ITEM 1 The Dispute of the Yomiuri Shimbun Settled - Yomiuri Shimbun - 12 Dec 45. Translator: I. Kuniko.
Full Translation:
The strike of the YOMIURI SHIMBUN has come to a conclusion, 50 days after the outbreak. The struggle to democratize our office, which had been supported by the public throughout the country, ended in victory for the employees. The result of the victory may not be complete, but we are confident that our difficult struggle, being an epitome of the Japanese democratic revolution, is very significant socially.
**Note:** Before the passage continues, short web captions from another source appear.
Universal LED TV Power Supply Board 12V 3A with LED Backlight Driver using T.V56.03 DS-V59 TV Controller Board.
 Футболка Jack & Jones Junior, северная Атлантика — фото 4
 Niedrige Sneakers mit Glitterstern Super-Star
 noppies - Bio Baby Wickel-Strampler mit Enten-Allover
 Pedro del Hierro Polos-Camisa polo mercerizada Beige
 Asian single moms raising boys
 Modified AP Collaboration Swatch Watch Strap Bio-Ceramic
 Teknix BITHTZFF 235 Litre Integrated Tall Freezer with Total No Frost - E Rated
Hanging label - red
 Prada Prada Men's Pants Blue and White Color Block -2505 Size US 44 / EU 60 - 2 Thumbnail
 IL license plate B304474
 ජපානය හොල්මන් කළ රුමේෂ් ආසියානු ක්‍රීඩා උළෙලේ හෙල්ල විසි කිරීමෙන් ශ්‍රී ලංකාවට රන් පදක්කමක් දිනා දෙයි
Our first demand was to ask for the determination of war responsibility. As we expected, President SHORIKI was named a war criminal. We emphasized a few days ago that our struggle could not only maintain confidence in the office, but also would tide over a crisis in business and, therefore, our efforts would be justified. A war criminal is a man who hesitates to establish democracy. Democracy cannot be established without sweeping away war criminals. It is not only true in an individual body, but also in the country, and we have attained our aim.
Our second demand was to democratize newspapers. On this point, it is especially noteworthy that we could succeed in separating management from capital to let employees participate in management. We all well know how much the function of a newspaper has been violated by newspaper capitalists. Up to now, newspapers have been dominated by capitalists, suffocating the voice of the people by news designed to suppress or deceive them. Now the YOMIURI SHIMBUN has thrown off the yoke of capitalism. We have won such an epoch-making success in newspaper history that the real opinions of the people can now be voiced freely in our pages. We hereby declare that from now on the YOMIURI SHIMBUN will become a real friend of the people and will be a newspaper eternally for them.
It is also a great achievement that we have won the right to participate in management as well as the right of collective bargaining and a guarantee for better treatment. The old democracy had been confined only to political sphere of asking for a political right, and democracy after World War I had demonstrated clearly how empty and useless a political right is without economic support. Democracy should be enlarged to the sphere of economy and given an economic significance. This is an important characteristic of the new democracy that has been spreading throughout the world, and our own result has demonstrated its character. A good example will be the democratization of JAPAN. As long as economy is not democratized, and until the Nation's economic life is put at rest, there will be no political democracy.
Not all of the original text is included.